Wilson OKs Law Spurred by County Pension Flap : Government: Bill requires public notice before changes in benefits are adopted.
In the wake of Los Angeles County’s controversial pension increases, Gov. Pete Wilson on Tuesday signed legislation requiring county governments to give public notice and conduct financial studies before adopting changes in retirement benefits for public officials.
The legislation was introduced after stories in The Times detailed how county bureaucrats--without a vote of the Board of Supervisors or a study of financial impact--adopted rules dramatically increasing pension benefits primarily for a small group of elected officials and top managers. The increases of up to 19% will bring some officials’ pensions to as much as $160,000 a year.

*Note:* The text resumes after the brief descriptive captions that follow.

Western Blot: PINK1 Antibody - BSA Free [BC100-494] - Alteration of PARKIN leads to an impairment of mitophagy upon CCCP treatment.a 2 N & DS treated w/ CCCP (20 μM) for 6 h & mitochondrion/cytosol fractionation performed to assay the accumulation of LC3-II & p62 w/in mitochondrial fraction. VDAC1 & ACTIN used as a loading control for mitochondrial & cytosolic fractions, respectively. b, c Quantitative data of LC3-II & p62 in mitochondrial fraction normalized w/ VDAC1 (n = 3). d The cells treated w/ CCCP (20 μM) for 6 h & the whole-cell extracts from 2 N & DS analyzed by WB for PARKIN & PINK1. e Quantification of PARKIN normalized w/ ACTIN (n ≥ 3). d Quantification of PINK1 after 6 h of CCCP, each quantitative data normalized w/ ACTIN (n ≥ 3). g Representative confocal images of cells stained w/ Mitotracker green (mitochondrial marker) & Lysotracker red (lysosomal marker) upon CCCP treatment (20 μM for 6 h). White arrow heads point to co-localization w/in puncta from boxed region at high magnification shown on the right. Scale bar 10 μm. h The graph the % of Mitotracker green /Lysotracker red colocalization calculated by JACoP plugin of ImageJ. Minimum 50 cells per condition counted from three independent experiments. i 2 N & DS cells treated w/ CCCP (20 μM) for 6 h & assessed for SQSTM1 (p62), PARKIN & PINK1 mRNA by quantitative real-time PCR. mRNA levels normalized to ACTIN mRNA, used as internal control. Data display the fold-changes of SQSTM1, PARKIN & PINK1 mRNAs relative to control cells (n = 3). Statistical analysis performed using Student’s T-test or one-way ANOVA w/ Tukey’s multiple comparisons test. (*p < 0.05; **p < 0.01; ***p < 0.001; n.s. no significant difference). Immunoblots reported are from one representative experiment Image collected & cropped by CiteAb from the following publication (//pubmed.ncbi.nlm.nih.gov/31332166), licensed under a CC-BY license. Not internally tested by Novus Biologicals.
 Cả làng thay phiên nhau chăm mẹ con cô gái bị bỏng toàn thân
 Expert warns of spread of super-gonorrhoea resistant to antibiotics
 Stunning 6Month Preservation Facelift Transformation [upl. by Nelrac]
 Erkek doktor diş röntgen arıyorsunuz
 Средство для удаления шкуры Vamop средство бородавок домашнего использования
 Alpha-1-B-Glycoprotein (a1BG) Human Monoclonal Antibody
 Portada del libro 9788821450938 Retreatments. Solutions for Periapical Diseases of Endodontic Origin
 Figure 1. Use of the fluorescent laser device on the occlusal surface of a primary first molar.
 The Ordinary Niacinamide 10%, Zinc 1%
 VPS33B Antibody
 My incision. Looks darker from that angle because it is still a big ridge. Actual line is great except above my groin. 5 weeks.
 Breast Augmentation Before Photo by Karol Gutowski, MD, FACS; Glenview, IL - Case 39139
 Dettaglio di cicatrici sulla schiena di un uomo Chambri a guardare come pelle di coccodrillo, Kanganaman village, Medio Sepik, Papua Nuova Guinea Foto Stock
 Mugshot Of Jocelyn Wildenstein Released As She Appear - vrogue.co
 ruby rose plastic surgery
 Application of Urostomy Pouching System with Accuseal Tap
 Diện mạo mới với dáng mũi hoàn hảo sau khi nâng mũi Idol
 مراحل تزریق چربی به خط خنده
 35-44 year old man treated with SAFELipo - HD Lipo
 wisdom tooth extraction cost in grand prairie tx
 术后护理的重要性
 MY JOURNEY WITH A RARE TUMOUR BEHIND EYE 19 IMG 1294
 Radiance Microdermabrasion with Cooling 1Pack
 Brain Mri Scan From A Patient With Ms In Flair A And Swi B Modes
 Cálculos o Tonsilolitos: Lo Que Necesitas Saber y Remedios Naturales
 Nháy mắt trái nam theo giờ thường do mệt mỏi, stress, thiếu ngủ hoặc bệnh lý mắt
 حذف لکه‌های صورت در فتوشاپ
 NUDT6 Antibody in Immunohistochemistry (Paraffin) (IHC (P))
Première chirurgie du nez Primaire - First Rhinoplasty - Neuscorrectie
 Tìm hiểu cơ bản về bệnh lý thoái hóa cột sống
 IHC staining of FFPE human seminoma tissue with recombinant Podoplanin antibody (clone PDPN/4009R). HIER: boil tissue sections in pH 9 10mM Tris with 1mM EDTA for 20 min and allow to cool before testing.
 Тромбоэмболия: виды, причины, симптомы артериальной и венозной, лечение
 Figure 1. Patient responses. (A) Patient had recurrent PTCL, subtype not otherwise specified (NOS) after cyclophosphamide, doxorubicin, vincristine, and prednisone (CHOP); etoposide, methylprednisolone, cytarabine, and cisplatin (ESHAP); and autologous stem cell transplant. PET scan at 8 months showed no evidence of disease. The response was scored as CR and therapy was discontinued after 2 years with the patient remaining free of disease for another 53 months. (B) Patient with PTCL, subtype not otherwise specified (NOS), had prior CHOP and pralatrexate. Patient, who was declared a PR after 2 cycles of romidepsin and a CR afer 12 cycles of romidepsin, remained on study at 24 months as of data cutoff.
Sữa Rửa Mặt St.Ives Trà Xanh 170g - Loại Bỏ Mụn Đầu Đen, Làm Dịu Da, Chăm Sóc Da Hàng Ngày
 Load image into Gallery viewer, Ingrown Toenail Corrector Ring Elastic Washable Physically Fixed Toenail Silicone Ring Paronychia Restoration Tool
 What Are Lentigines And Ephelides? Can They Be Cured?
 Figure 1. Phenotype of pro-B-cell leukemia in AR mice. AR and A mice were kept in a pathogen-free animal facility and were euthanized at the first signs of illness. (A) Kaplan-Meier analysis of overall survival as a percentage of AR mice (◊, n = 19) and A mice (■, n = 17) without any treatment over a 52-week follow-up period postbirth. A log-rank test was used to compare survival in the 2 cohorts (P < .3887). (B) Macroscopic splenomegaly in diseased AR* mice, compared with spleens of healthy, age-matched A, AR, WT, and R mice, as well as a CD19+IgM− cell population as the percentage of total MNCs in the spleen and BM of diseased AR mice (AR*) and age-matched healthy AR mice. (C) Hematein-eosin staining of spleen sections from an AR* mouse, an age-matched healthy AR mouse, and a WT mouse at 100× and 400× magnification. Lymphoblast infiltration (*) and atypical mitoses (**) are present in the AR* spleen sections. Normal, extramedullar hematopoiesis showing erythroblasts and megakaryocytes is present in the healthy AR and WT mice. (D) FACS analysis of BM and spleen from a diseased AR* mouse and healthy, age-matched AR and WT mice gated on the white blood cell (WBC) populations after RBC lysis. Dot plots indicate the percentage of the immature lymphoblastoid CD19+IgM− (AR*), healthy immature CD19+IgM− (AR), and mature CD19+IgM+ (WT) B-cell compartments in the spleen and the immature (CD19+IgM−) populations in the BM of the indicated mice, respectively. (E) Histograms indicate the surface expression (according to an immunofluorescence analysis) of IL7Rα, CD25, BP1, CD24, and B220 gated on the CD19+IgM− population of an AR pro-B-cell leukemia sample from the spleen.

More than a year after implementing the new rules, an actuarial study found that the cost of the larger pensions is more than $265 million.
Assemblyman Dave Elder (D-Carson) who co-authored the bill with a half dozen other Los Angeles-area legislators, said the law “goes a long way toward stopping that kind of thing from happening. . . . The people won one this time.”
Wilson’s approval is the second public rebuke of the county by state officials over the pension issue this year.
In May, Wilson signed legislation aimed at eliminating one of the legal justifications used by the county for raising the pensions of top administrators by 19%. State officials said the county had misinterpreted an obscure state law when it included fringe benefits in pension calculations. “The new law will prevent abuse of county pension plans at the expense of taxpayers,” Wilson said in signing the earlier measure.
The pension rules also were criticized by the County Grand Jury, which concluded that the increases represent “the height of fiscal irresponsibility.” Two of the state’s largest taxpayer groups have filed a lawsuit demanding that the Board of Supervisors rescind the rules.
County officials have said that the pension changes cannot be legally reversed.
The legislation signed into law Tuesday requires the county boards of supervisors to give at least 72 hours notice of any changes in salary or benefit changes.
The measure also requires that an enrolled actuary prepare an estimate of the impact of salary and benefit changes on pension funds.
The law specifically allows the Los Angeles County retirement board to obtain outside legal counsel, rather than rely on the county counsel. Elder said the county counsel could have a conflict of interest. “The county counsel is opining on these issues (pension benefits) but is also benefiting from them,” Elder said.
The pension controversy has become a major election year issue.
Supervisor Deane Dana, in a hotly contested runoff with Rolling Hills Mayor Gordana Swanson, has been lambasted for allowing the bureaucracy to implement expensive programs such as the pension rule changes.
Dana, who initially supported the pension rules implemented by County Chief Administrative Officer Richard B. Dixon, later called for Dixon’s resignation. Dana could not be reached on Tuesday for comment on the governor’s action, but a spokesman said the supervisor supports the new law.
Gary South, campaign manager for Swanson said, the new law is good news.
But he added, “Keep in mind that this Board of Supervisors and its cadre of bureaucrats have made a science of keeping the public out of decisions. They get round it any way they can. It’s an attitude problem, not a legal problem.”